Problem
Return each line below exactly as it reads, and omit any image in it.

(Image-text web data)
__________________________________________________

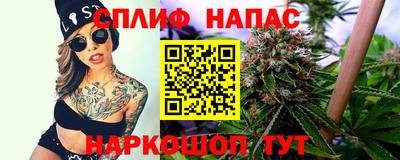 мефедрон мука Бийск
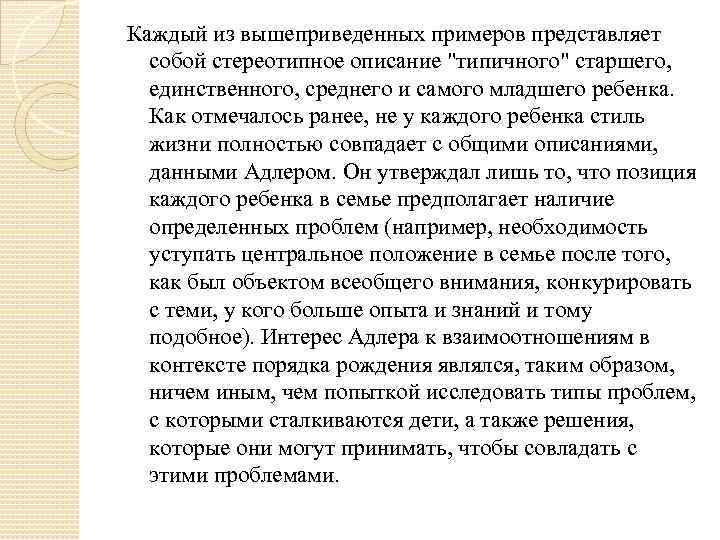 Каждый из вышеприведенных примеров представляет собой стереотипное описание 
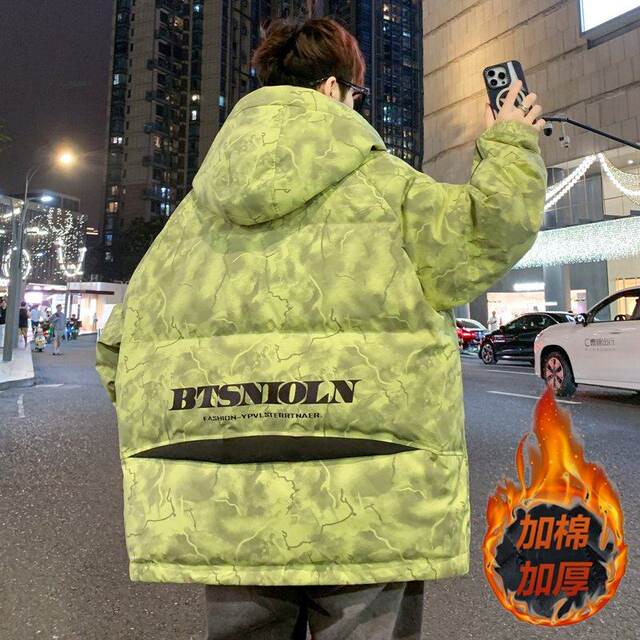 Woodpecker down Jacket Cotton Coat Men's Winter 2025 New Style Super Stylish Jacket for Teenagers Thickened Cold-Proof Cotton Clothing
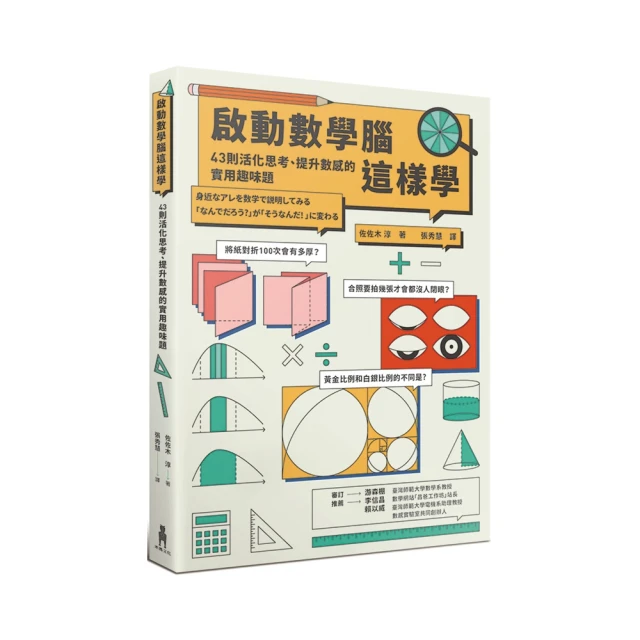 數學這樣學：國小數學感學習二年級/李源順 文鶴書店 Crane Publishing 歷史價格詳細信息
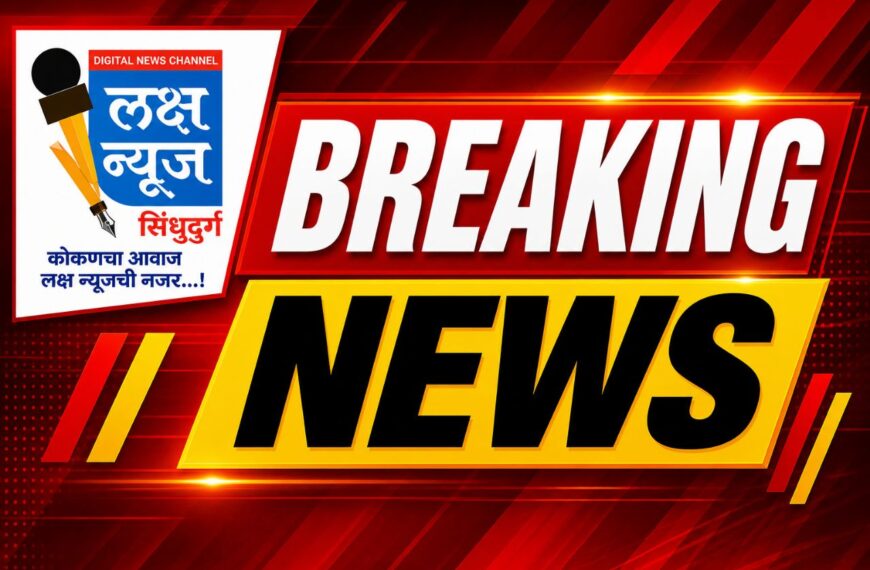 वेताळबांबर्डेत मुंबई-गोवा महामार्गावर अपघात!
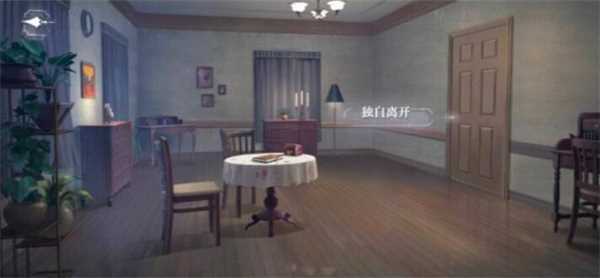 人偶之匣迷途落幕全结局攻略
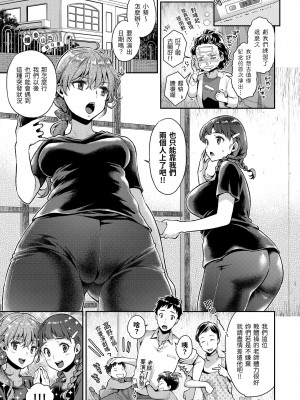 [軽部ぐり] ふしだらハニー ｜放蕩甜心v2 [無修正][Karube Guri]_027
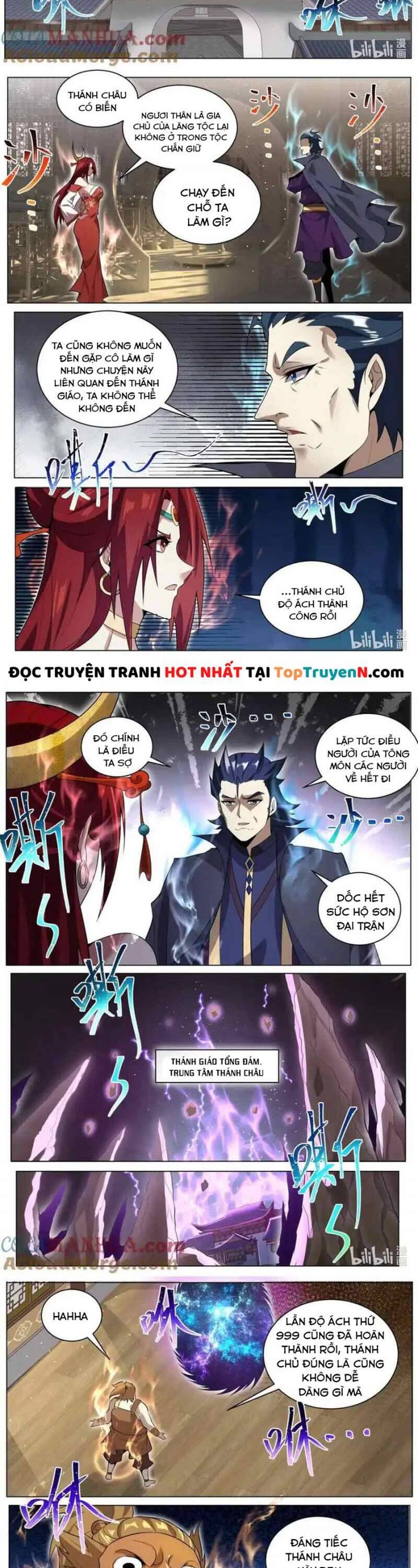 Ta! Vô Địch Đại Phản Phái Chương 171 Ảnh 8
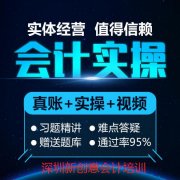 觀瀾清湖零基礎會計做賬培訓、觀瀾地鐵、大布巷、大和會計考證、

__________________________________________________

Response
 мефедрон мука Бийск
 Каждый из вышеприведенных примеров представляет собой стереотипное описание 
 Woodpecker down Jacket Cotton Coat Men's Winter 2025 New Style Super Stylish Jacket for Teenagers Thickened Cold-Proof Cotton Clothing
 數學這樣學：國小數學感學習二年級/李源順 文鶴書店 Crane Publishing 歷史價格詳細信息
 वेताळबांबर्डेत मुंबई-गोवा महामार्गावर अपघात!
 人偶之匣迷途落幕全结局攻略
 [軽部ぐり] ふしだらハニー ｜放蕩甜心v2 [無修正][Karube Guri]_027
 Ta! Vô Địch Đại Phản Phái Chương 171 Ảnh 8
 觀瀾清湖零基礎會計做賬培訓、觀瀾地鐵、大布巷、大和會計考證、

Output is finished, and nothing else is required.